Por exemplo, a escola na qual os alunos têm que atravessar duas ruas para chegar ao parque do bairro. Ela tem que pintar a faixa de pedestre, mudar o ponto de ônibus. Isso é feito em uma conversa da diretora com o responsável pelo setor de transportes. Não é uma coisa que seja espontânea – isso eu aprendi fazendo. É um projeto muito flexível, mas não significa que ele pode ser improvisado. Ele tem que ter seus objetivos, tem que mostrar o que as crianças vão aprender e desenvolver em cada uma das atividades. Algumas pessoas não gostam quando eu falo isso, mas educação integral não é um passeio em tempo integral. Ela tem muito a ver com a formação e o conhecimento, e isso tem que estar explícito no projeto.
Como a senhora avalia os programas de educação integral já existentes no Brasil? Quais são seus principais resultados?

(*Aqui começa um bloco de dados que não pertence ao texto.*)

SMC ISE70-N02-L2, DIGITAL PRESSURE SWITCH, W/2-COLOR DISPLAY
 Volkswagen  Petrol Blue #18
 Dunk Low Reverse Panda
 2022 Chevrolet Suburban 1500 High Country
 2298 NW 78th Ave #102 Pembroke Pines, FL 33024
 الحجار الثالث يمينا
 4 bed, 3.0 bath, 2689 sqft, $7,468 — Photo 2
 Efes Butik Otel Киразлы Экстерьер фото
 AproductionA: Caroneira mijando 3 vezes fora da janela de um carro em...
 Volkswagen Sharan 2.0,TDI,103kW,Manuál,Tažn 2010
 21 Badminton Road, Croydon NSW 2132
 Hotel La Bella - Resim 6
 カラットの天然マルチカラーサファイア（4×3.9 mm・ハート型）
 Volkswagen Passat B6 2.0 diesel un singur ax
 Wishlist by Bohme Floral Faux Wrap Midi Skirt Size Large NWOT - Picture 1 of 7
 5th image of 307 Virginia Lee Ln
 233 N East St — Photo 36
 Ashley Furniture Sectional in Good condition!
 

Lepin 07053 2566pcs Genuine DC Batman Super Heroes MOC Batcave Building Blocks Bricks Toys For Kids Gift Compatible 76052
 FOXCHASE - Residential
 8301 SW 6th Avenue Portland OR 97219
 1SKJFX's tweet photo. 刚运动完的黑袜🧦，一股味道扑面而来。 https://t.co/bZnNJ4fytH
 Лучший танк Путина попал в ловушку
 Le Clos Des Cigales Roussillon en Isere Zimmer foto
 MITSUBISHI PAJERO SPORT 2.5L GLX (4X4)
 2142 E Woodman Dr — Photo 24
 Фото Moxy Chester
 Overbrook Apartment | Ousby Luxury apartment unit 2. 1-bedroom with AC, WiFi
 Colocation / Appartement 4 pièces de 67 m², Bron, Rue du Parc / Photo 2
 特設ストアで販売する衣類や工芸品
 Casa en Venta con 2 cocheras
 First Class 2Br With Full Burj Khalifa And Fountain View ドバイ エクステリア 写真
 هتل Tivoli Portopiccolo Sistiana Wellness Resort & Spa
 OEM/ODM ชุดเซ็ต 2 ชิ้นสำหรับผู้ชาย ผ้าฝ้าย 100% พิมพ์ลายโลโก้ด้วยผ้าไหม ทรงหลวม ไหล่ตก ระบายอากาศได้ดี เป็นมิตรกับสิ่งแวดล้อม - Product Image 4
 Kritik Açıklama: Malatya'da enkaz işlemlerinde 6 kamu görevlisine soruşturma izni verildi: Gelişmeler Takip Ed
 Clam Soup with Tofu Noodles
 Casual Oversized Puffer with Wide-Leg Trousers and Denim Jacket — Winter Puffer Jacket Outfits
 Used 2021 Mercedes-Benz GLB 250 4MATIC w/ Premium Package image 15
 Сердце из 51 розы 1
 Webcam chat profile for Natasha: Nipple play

Eu gosto, porque eles apontam caminhos novos. O Mais Educação, do governo federal, absorveu muitas experiências locais e tem tentado fazer isso em nível nacional. Acho clássico e conservador a escola em tempo integral que apenas dobra o número de aulas – ao invés de quatro aulas diárias, ela tem oito. Mas em alguns lugares elas acontecem e têm resultados interessantes. Temos que ter o espírito curioso e pesquisador para conhecer essas experiências e entender que a gente não pode ter um só modelo. E ao fazer nossa opção, ela tem que ser implementada com muita seriedade.
Como realizar um mapeamento dos estudantes que aproxime a comunidade e a família ao dia a dia das escolas?
A escola tem que ter as portas abertas. Deixar os pais esperando uma hora no portão para conversar com as diretoras já gera um distanciamento. A escola é pública, é da comunidade. Há uma escola no Rio de Janeiro que, nos primeiros dias de aula, os pais são apresentados para a escola: percorrem seu espaço, conhecem as salas de aula de seus filhos, o lugar da merenda, a sala dos professores – todos os docentes se apresentam. No dia seguinte o aluno leva retratos da sua casa, da sua história de vida, com quem eles moram. Isso cria vínculos. E criar esse vínculo também tem um impacto grande na confiança que a família e a escola estabelecem entre si. Isso acaba com aquele jogo de culpa, e você tem uma condição mais apropriada para formar e educar aquela criança.